Specifically, as shown in fig. 6, in the manufacturing process of the display panel, in addition to the pixel array and the wiring in the display area for displaying the image, the non-display area at the edge of the display panel is provided with the test wiring and some dummy pixels, and the dummy pixels and the test wiring can be used to implement a special pixel architecture design.

In this embodiment, the original wiring in the display panel is used to perform the target differential pressure of the target conductor segment, so that the design can be simplified and the hardware cost can be reduced.
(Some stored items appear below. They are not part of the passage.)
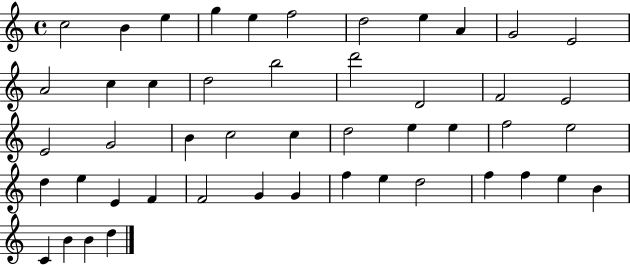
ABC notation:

X:1
T:Untitled
M:4/4
L:1/4
K:C
c2 B e g e f2 d2 e A G2 E2 A2 c c d2 b2 d'2 D2 F2 E2 E2 G2 B c2 c d2 e e f2 e2 d e E F F2 G G f e d2 f f e B C B B d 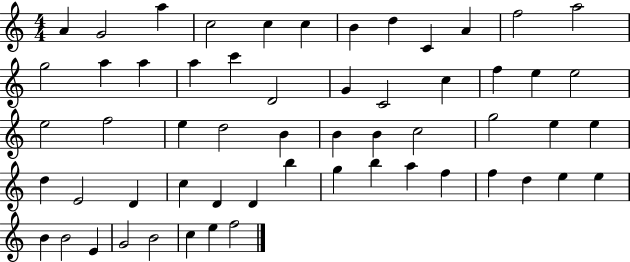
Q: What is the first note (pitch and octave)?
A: A4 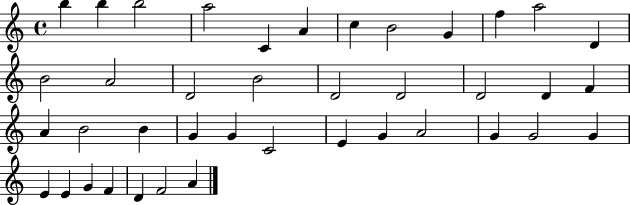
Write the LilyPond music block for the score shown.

{
  \clef treble
  \time 4/4
  \defaultTimeSignature
  \key c \major
  b''4 b''4 b''2 | a''2 c'4 a'4 | c''4 b'2 g'4 | f''4 a''2 d'4 | \break b'2 a'2 | d'2 b'2 | d'2 d'2 | d'2 d'4 f'4 | \break a'4 b'2 b'4 | g'4 g'4 c'2 | e'4 g'4 a'2 | g'4 g'2 g'4 | \break e'4 e'4 g'4 f'4 | d'4 f'2 a'4 | \bar "|."
} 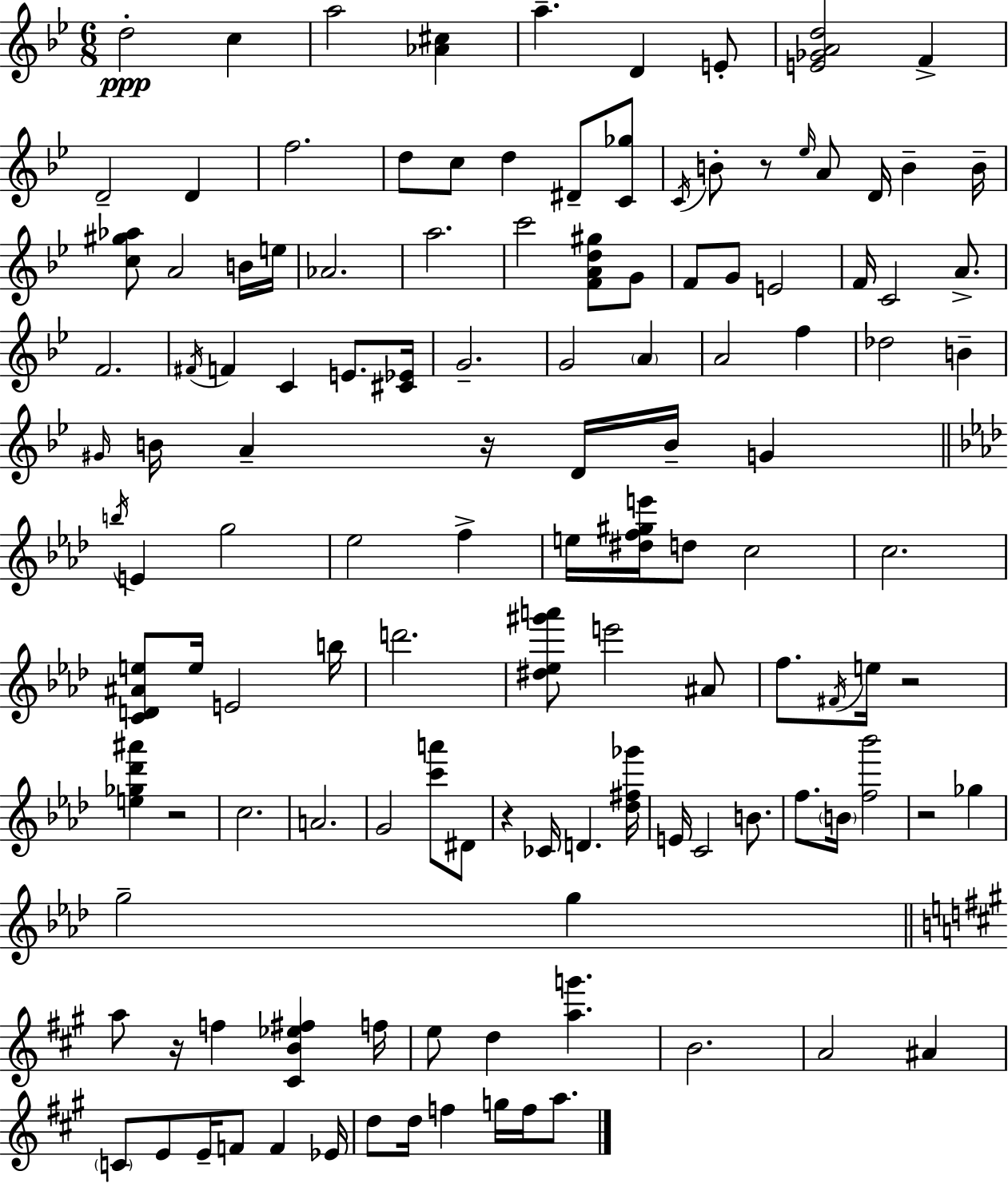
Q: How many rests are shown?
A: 7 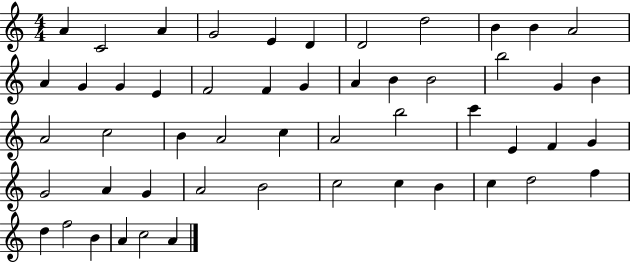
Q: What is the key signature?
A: C major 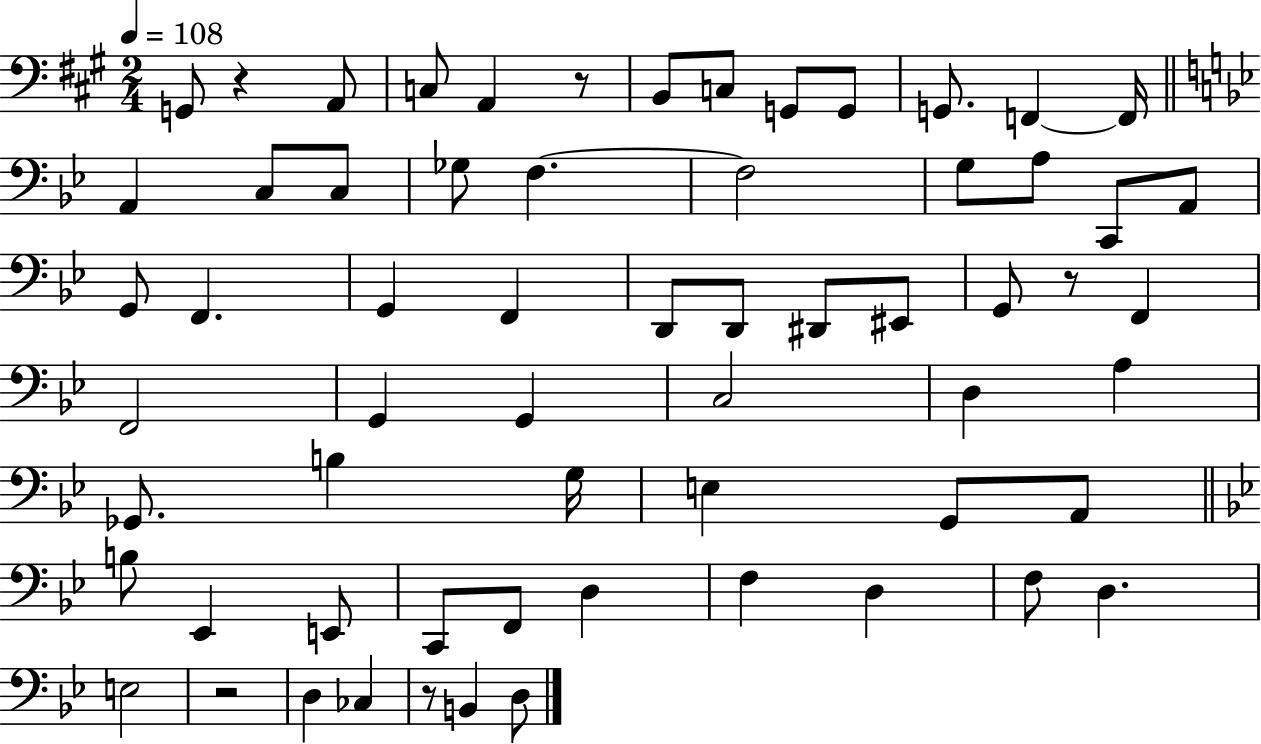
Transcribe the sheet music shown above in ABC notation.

X:1
T:Untitled
M:2/4
L:1/4
K:A
G,,/2 z A,,/2 C,/2 A,, z/2 B,,/2 C,/2 G,,/2 G,,/2 G,,/2 F,, F,,/4 A,, C,/2 C,/2 _G,/2 F, F,2 G,/2 A,/2 C,,/2 A,,/2 G,,/2 F,, G,, F,, D,,/2 D,,/2 ^D,,/2 ^E,,/2 G,,/2 z/2 F,, F,,2 G,, G,, C,2 D, A, _G,,/2 B, G,/4 E, G,,/2 A,,/2 B,/2 _E,, E,,/2 C,,/2 F,,/2 D, F, D, F,/2 D, E,2 z2 D, _C, z/2 B,, D,/2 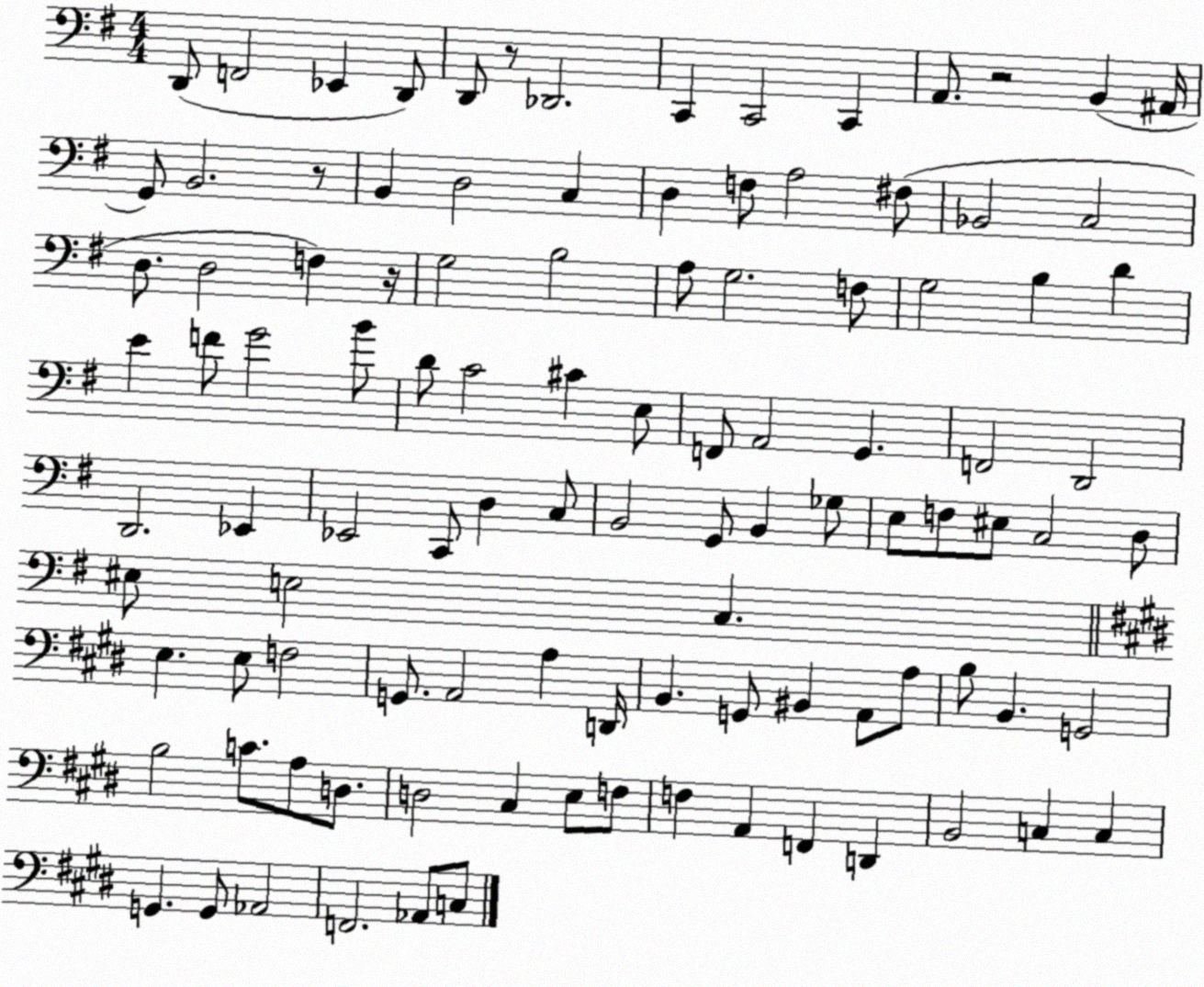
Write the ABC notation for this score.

X:1
T:Untitled
M:4/4
L:1/4
K:G
D,,/2 F,,2 _E,, D,,/2 D,,/2 z/2 _D,,2 C,, C,,2 C,, A,,/2 z2 B,, ^A,,/4 G,,/2 B,,2 z/2 B,, D,2 C, D, F,/2 A,2 ^F,/2 _B,,2 C,2 D,/2 D,2 F, z/4 G,2 B,2 A,/2 G,2 F,/2 G,2 B, D E F/2 G2 B/2 D/2 C2 ^C E,/2 F,,/2 A,,2 G,, F,,2 D,,2 D,,2 _E,, _E,,2 C,,/2 D, C,/2 B,,2 G,,/2 B,, _G,/2 E,/2 F,/2 ^E,/2 C,2 D,/2 ^E,/2 E,2 C, E, E,/2 F,2 G,,/2 A,,2 A, D,,/4 B,, G,,/2 ^B,, A,,/2 A,/2 B,/2 B,, G,,2 B,2 C/2 A,/2 D,/2 D,2 ^C, E,/2 F,/2 F, A,, F,, D,, B,,2 C, C, G,, G,,/2 _A,,2 F,,2 _A,,/2 C,/2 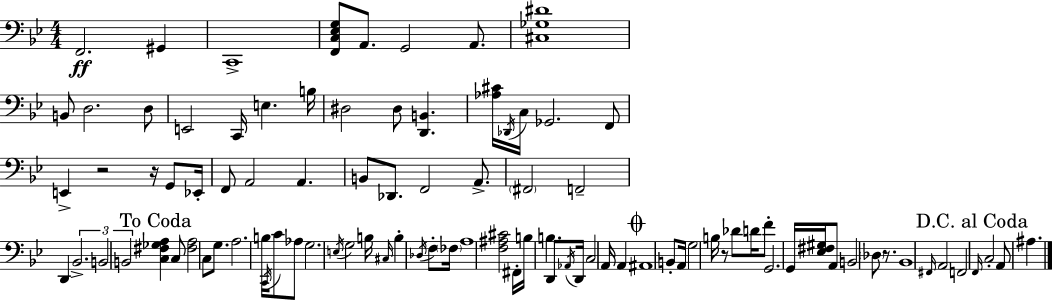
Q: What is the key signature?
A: BES major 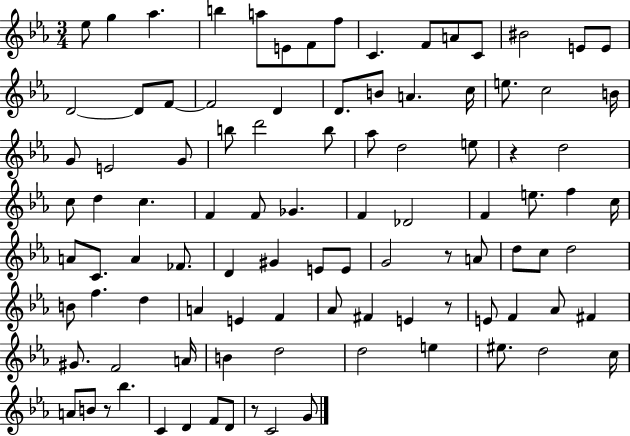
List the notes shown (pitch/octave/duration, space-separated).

Eb5/e G5/q Ab5/q. B5/q A5/e E4/e F4/e F5/e C4/q. F4/e A4/e C4/e BIS4/h E4/e E4/e D4/h D4/e F4/e F4/h D4/q D4/e. B4/e A4/q. C5/s E5/e. C5/h B4/s G4/e E4/h G4/e B5/e D6/h B5/e Ab5/e D5/h E5/e R/q D5/h C5/e D5/q C5/q. F4/q F4/e Gb4/q. F4/q Db4/h F4/q E5/e. F5/q C5/s A4/e C4/e. A4/q FES4/e. D4/q G#4/q E4/e E4/e G4/h R/e A4/e D5/e C5/e D5/h B4/e F5/q. D5/q A4/q E4/q F4/q Ab4/e F#4/q E4/q R/e E4/e F4/q Ab4/e F#4/q G#4/e. F4/h A4/s B4/q D5/h D5/h E5/q EIS5/e. D5/h C5/s A4/e B4/e R/e Bb5/q. C4/q D4/q F4/e D4/e R/e C4/h G4/e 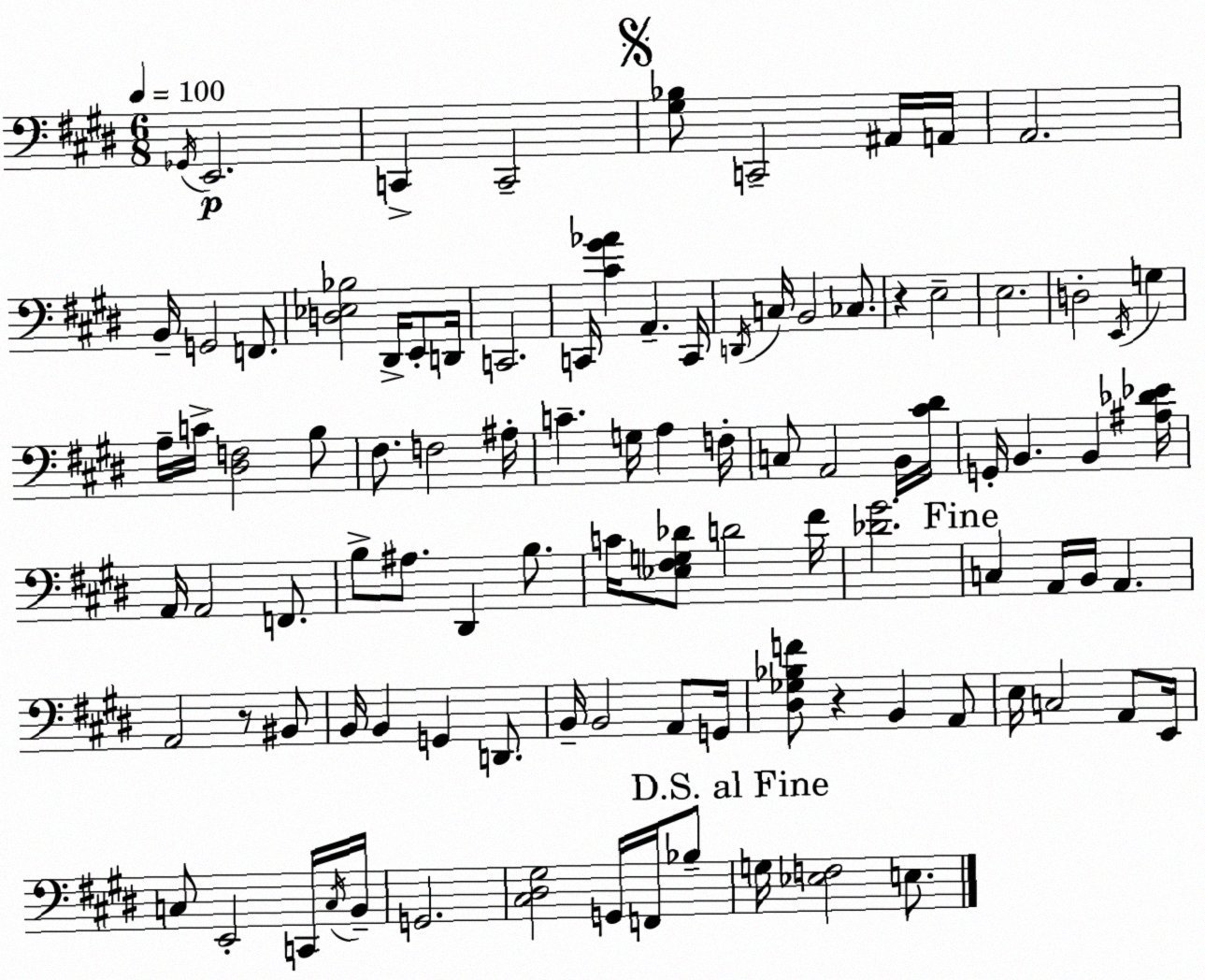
X:1
T:Untitled
M:6/8
L:1/4
K:E
_G,,/4 E,,2 C,, C,,2 [^G,_B,]/2 C,,2 ^A,,/4 A,,/4 A,,2 B,,/4 G,,2 F,,/2 [D,_E,_B,]2 ^D,,/4 E,,/2 D,,/4 C,,2 C,,/4 [^C^G_A] A,, C,,/4 D,,/4 C,/4 B,,2 _C,/2 z E,2 E,2 D,2 E,,/4 G, A,/4 C/4 [^D,F,]2 B,/2 ^F,/2 F,2 ^A,/4 C G,/4 A, F,/4 C,/2 A,,2 B,,/4 [^C^D]/4 G,,/4 B,, B,, [^A,_D_E]/4 A,,/4 A,,2 F,,/2 B,/2 ^A,/2 ^D,, B,/2 C/4 [_E,^F,G,_D]/2 D2 ^F/4 [_D^G]2 C, A,,/4 B,,/4 A,, A,,2 z/2 ^B,,/2 B,,/4 B,, G,, D,,/2 B,,/4 B,,2 A,,/2 G,,/4 [^D,_G,_B,F]/2 z B,, A,,/2 E,/4 C,2 A,,/2 E,,/4 C,/2 E,,2 C,,/4 C,/4 B,,/4 G,,2 [^C,^D,^G,]2 G,,/4 F,,/4 _B,/2 G,/4 [_E,F,]2 E,/2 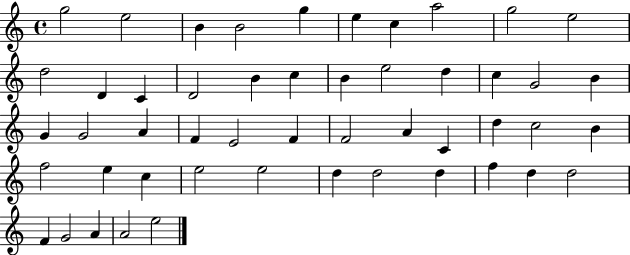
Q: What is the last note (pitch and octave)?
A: E5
In some embodiments, the controller comprises a constant current source; the constant current source is connected with the target conductor segment and used for providing the constant current for the target conductor segment.

In some embodiments, the controller comprises: a comparator and a processor; the first input end of the comparator is connected with the target voltage difference, the second input end of the comparator is connected with a target reference voltage, and the output end of the comparator is connected with the processor and used for comparing the target voltage difference with the reference voltage to obtain a comparison result; and the processor is used for performing overdrive compensation on the data to be displayed according to the comparison result to obtain new data to be displayed.

For example, as shown in fig. 7, the constant current source Is configured to provide a constant current for a target wire segment 2601 in the display 260, the target wire segment 2601 generates a target voltage difference V under the action of the constant current, V Is input to a first input end of the comparator 2501, a reference voltage Vref Is input to a second input end of the comparator 2501, comparison Is performed by the comparator 2501 to obtain a comparison result Vc, Vc Is input to the processor 2502, the processor 2502 performs overdrive compensation on data to be displayed according to Vc to obtain new data to be displayed, and the display 260 displays the new data to be displayed, thereby improving a display effect and avoiding an influence of temperature.

In this embodiment, the power supply voltage VDD connected to the constant current source Is may be the same as the reference voltage Vref. The specific value of Vref may be set according to actual needs, which is not limited in this embodiment.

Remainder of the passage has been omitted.